Proses itulah yang berbahaya apabila bangkai dikonsumsi manusia akan menjadi racun dalam tubuh. Selain itu bangkai yang mati diakibatkan oleh penyakit, maka dikhawatirkan penyakit yang diderita oleh hewan tersebut akan menular pada manusia yang mengonsumsinya.   

2.  Darah 

Para ulama' sepakat bahwa darah adalah haram dan najis.
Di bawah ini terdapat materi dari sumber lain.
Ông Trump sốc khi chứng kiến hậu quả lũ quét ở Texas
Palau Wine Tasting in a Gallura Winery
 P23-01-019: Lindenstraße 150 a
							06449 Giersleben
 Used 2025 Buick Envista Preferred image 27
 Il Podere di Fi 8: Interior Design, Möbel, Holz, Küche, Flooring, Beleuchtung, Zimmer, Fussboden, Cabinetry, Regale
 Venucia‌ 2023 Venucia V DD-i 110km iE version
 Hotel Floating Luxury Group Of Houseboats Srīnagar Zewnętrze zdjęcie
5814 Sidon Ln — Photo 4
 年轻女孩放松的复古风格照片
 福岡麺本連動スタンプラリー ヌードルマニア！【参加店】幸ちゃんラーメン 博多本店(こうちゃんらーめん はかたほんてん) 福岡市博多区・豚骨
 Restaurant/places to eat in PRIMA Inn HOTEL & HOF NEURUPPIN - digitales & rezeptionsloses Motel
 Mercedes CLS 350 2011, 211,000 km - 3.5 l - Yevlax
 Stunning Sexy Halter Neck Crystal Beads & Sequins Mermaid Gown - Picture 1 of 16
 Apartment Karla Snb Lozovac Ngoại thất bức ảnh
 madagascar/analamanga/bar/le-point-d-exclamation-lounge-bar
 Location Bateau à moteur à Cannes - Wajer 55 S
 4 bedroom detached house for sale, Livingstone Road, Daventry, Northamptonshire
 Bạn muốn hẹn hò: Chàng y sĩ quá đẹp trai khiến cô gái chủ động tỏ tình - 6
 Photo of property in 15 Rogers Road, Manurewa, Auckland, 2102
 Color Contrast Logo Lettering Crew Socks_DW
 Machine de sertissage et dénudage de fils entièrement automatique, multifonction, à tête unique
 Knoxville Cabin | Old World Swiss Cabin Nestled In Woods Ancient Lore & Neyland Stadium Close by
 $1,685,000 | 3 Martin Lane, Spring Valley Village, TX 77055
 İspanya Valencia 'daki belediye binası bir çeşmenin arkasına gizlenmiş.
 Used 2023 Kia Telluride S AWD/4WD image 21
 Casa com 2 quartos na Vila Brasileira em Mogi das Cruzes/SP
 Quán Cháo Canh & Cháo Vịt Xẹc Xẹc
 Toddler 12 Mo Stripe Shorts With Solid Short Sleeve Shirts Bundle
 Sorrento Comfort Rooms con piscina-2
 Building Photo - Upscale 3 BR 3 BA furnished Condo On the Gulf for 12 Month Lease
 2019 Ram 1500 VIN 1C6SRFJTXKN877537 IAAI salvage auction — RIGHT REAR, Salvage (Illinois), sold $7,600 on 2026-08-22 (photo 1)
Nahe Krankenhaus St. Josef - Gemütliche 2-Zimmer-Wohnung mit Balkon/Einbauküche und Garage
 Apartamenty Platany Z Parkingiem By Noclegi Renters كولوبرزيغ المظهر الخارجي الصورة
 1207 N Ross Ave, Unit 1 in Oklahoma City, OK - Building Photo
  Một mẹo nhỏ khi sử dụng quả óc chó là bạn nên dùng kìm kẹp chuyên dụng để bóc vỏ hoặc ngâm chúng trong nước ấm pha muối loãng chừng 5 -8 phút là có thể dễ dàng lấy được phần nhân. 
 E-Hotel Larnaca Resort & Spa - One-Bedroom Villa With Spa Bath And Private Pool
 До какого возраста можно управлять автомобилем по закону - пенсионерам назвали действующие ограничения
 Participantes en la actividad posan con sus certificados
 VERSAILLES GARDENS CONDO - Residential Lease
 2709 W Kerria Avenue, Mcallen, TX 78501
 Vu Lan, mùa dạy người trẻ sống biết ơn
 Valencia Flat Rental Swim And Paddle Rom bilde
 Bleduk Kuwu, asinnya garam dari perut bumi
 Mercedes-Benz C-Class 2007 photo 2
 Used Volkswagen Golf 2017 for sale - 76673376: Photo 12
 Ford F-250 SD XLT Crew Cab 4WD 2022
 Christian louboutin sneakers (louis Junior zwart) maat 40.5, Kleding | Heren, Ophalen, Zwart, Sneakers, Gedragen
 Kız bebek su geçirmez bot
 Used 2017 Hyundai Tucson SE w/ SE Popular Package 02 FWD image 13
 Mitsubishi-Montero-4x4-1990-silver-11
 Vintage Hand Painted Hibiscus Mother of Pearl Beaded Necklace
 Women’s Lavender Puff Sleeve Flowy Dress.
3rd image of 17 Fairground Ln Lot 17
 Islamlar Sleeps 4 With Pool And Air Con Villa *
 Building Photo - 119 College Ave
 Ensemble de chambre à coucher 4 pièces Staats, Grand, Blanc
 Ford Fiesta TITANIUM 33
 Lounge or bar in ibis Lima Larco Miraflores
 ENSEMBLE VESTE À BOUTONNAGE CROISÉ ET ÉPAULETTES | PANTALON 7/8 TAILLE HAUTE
Pengharaman darah dipertegas lagi  dalam surat Al-An'am :44, bahwa darah yang diharamkan adalah darah yang mengalir, artinya bahwa darah tersebut diambil dari hewan yang mengalir dan membeku diluar tubuh hewan tersebut. sedangkan darah  yang membeku didalam tubuh hewan yang disembelih adalah halal hukumnya. Demikian juga pada hati dan limfa.[8]

3.  Babi

Ada beberapa alasan mengapa babi diharamkan oleh Allah untuk dikonsumsi, bahwa setelah diteliti daging babi mengandung cacing tambang atau cacing pita jenis khusus, dan bila dimakan cacing tersebut dapat masuk kedalam tubuh manusia.[9] Meskipun ilmu pengetahuan sekarang mampu untuk menciptakan alat untuk mendeteksi dan membunuh bakteri serta cacing dalam babi namun bisakah menjamin apa bakteri dan cacing tersebut benar-benar bersih dan terbebas darinya.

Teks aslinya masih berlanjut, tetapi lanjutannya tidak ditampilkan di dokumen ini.